━━ Exercise data

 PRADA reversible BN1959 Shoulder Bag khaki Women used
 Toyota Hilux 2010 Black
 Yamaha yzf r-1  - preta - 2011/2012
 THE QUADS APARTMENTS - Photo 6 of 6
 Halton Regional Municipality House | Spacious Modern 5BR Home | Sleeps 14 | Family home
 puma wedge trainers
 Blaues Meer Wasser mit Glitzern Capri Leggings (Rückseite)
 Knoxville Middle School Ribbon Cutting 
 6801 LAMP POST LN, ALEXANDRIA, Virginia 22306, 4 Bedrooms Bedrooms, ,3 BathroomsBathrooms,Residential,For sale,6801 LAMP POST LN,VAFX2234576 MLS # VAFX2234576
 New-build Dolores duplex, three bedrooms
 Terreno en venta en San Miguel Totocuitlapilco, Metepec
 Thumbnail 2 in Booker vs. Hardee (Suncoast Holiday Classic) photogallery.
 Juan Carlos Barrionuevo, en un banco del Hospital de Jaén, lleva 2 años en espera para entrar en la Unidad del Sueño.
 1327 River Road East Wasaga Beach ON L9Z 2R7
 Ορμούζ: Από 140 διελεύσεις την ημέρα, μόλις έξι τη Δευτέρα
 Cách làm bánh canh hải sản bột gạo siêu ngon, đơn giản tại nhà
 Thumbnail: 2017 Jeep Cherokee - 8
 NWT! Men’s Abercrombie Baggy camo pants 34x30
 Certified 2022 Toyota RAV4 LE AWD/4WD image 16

━━━━

■ **Work task**: Each line from the one containing "New-build Dolores duplex, three bedrooms" through the last line of the entries is to be copied exactly, with no other lines added.

■ **Exercise output**:
 New-build Dolores duplex, three bedrooms
 Terreno en venta en San Miguel Totocuitlapilco, Metepec
 Thumbnail 2 in Booker vs. Hardee (Suncoast Holiday Classic) photogallery.
 Juan Carlos Barrionuevo, en un banco del Hospital de Jaén, lleva 2 años en espera para entrar en la Unidad del Sueño.
 1327 River Road East Wasaga Beach ON L9Z 2R7
 Ορμούζ: Από 140 διελεύσεις την ημέρα, μόλις έξι τη Δευτέρα
 Cách làm bánh canh hải sản bột gạo siêu ngon, đơn giản tại nhà
 Thumbnail: 2017 Jeep Cherokee - 8
 NWT! Men’s Abercrombie Baggy camo pants 34x30
 Certified 2022 Toyota RAV4 LE AWD/4WD image 16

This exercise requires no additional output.